* [TASK PROMPT] Every record that appears below should be transcribed exactly.

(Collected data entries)
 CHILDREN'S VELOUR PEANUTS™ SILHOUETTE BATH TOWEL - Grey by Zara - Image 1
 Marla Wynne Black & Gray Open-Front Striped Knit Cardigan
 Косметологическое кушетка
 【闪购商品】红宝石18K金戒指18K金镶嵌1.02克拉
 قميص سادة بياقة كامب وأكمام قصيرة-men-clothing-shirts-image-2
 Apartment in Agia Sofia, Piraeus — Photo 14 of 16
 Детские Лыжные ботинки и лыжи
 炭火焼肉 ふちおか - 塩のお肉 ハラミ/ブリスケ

* [EXPECTED ANSWER]
 CHILDREN'S VELOUR PEANUTS™ SILHOUETTE BATH TOWEL - Grey by Zara - Image 1
 Marla Wynne Black & Gray Open-Front Striped Knit Cardigan
 Косметологическое кушетка
 【闪购商品】红宝石18K金戒指18K金镶嵌1.02克拉
 قميص سادة بياقة كامب وأكمام قصيرة-men-clothing-shirts-image-2
 Apartment in Agia Sofia, Piraeus — Photo 14 of 16
 Детские Лыжные ботинки и лыжи
 炭火焼肉 ふちおか - 塩のお肉 ハラミ/ブリスケ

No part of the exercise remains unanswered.